The anchoring bias that creates the concept of a fair price operates by treating the value of a business as approximately constant while treating its price as the variable that needs to revert to that constant. This is backwards. Price, in liquid markets, moves continuously and reflects the aggregate assessment of all available information. Value—or more precisely, the range of reasonable estimates of value—also moves continuously, driven by changes in the business's fundamentals and in the economic environment in which it operates. The investor who is waiting for a price to return to some reference level is assuming that value has remained constant while price has temporarily deviated from it. This may sometimes be true; it is not reliably true, and treating it as an axiom produces systematic errors.
The most common version of this error involves the assumption that a stock that has declined significantly from a prior high is undervalued relative to that high. If a stock traded at one hundred dollars eighteen months ago and trades at sixty dollars today, the investor who uses one hundred as his fair value anchor sees a forty percent discount. But the relevant question is not whether sixty is cheap relative to one hundred; it is whether sixty is cheap relative to the business's current fundamental value—which may have declined along with the price, or may have declined further than the price, or may have declined less. The prior high is not evidence of fair value; it is evidence of what investors were willing to pay at a different moment under different circumstances, some of which may no longer apply.
The static conception of fair value is also responsible for the premature sale of positions that are performing well. The investor who set a price target of eighty dollars and sells when the stock reaches eighty has treated his initial valuation as definitive, failing to account for the possibility that the business has developed better than anticipated and that the current price, though higher than his target, may still represent good value relative to its improved prospects. Selling because a price target has been reached is no more rational than holding because a purchase price has not been recovered—both decisions are anchored to a reference point whose relevance to forward returns is negligible.
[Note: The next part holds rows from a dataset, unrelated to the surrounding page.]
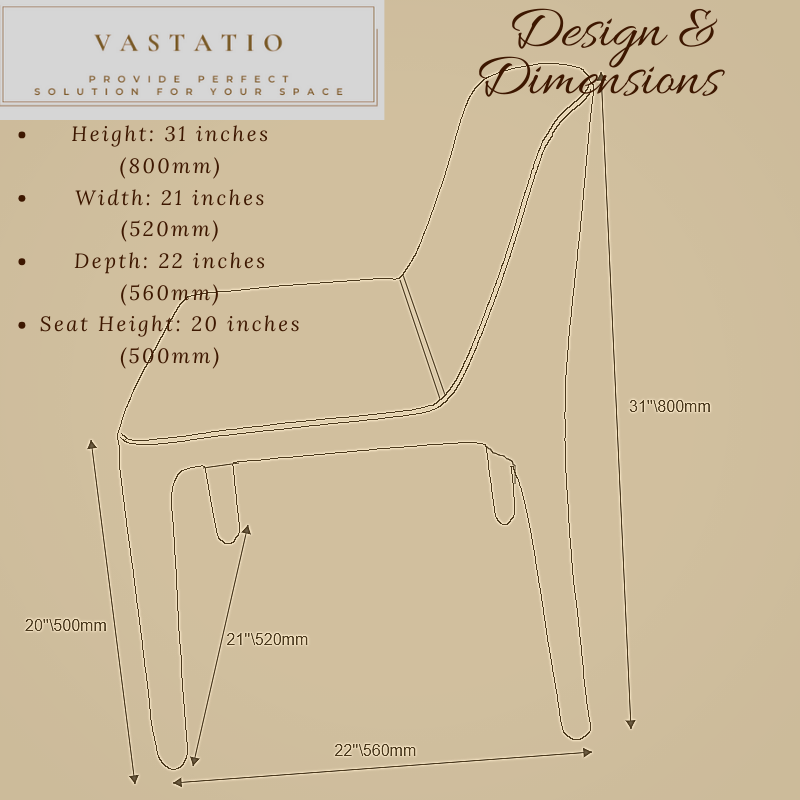 Black & Gold Dining Chair - Modern Accent Seating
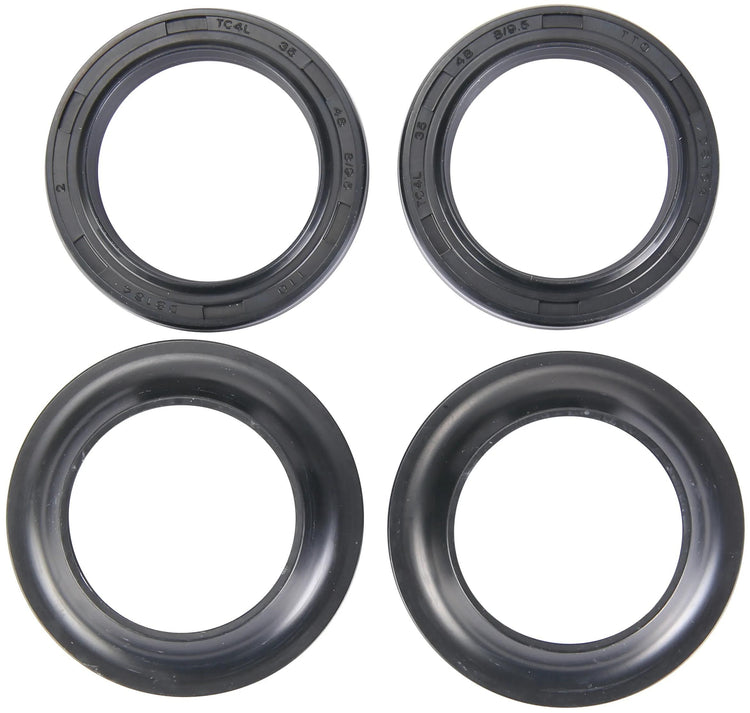 All balls racing voorvork keerring set fork seal set abr 56-178 incl. dust cap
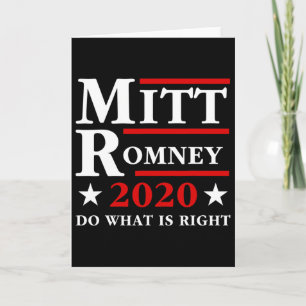 Tarjeta Mitt Romney Haz Lo Correcto Anti Trump Republicano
What sound valuation practice actually looks like is a continuous reassessment of the investment thesis in light of new information, producing a continuously updated estimate of the range of reasonable values for the business. This estimate is not a single number but a range, reflecting genuine uncertainty about future developments. The investment decision at any given moment is whether the current price falls within that range—offering adequate prospective return—or outside it—implying that the business is overpriced or underpriced relative to its current fundamental characteristics. This framework requires more analytical effort than anchoring to a fixed fair value, but it is the only approach that accurately reflects the dynamic reality of what financial markets are actually valuing.